The first most apparent difference is of course in the casting of Mads Mikkelsen as the evil Grindelwald (replacing Johnny Depp only a week before production, following the former star’s libel case against the Sun).
While a choice was forced on the film, as opposed to being organic development, this last minute decision was an inspired one and it might very well have saved the series. Mikkelsen brings a whole new layer of menace to the role. His presence alone is truly terrifying in a way Dep never was and his chemistry with Jude Law is possibly one of the best things about the film.
Director David Yates takes it all very seriously, possibly too much (lighten up mate!), keeping the laughter down to a minimum, while preferring to keep the tone of the film dark and veeeery moody: an innocent deer-like creature is slaughtered right in front of our eyes, bodies are being torn apart by unseen monsters with tentacles in a sequence which seems straight out of an Alien movie and the parallels with Nazis as the Second World War gets closer to the timeline are now a lot more pronounced.

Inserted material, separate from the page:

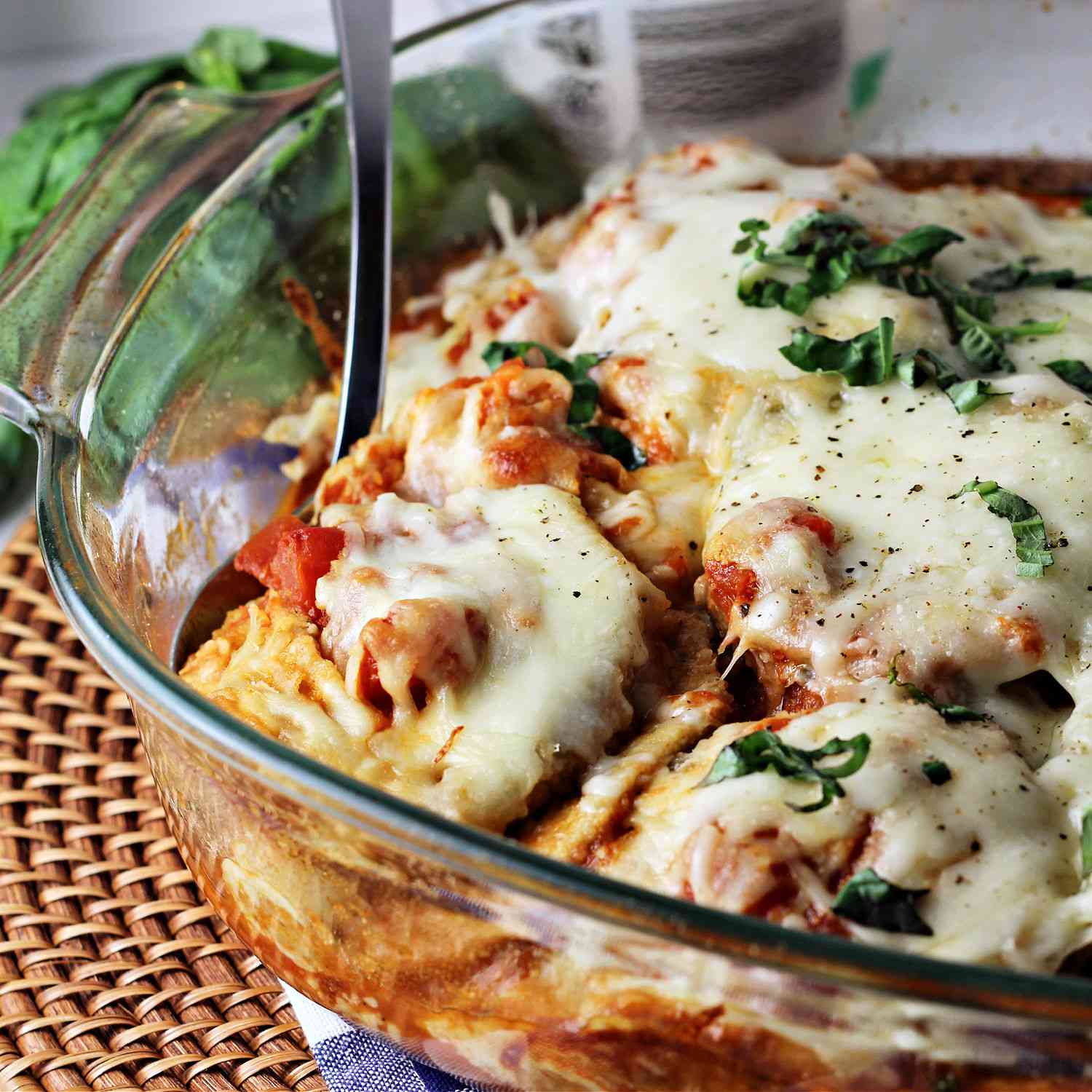Baked Eggplant Parmesan Recipe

All of this takes us further and further away from the cuddly magic of the Potter films and from some of the most child-friendly imagery from the first Fantastic beasts, which makes me wonder whether JK knows who these films are actually for.
The Secret of Dumbledore is still too long, or at least it feels that way, as Yates seems to be so in love with close-ups of characters staring out at each other in “meaningful ways” for very long periods of time. Not to mention that “multi-ending syndrome” that many films these days suffer from, which seems to be alive and well here too.
As ever I’m using my son as a judge-o-meter for these types of films. He was a bit restless in a few scenes half-way through and at one point he even asked me how long was the film going to be. But he did find his grove during the most entertaining sequences, including the above mentioned monster with tentacles and an army of scorpion-like creatures (which also received possibly one the biggest laughs of all three films), and a fun diversion with some identical suitcases.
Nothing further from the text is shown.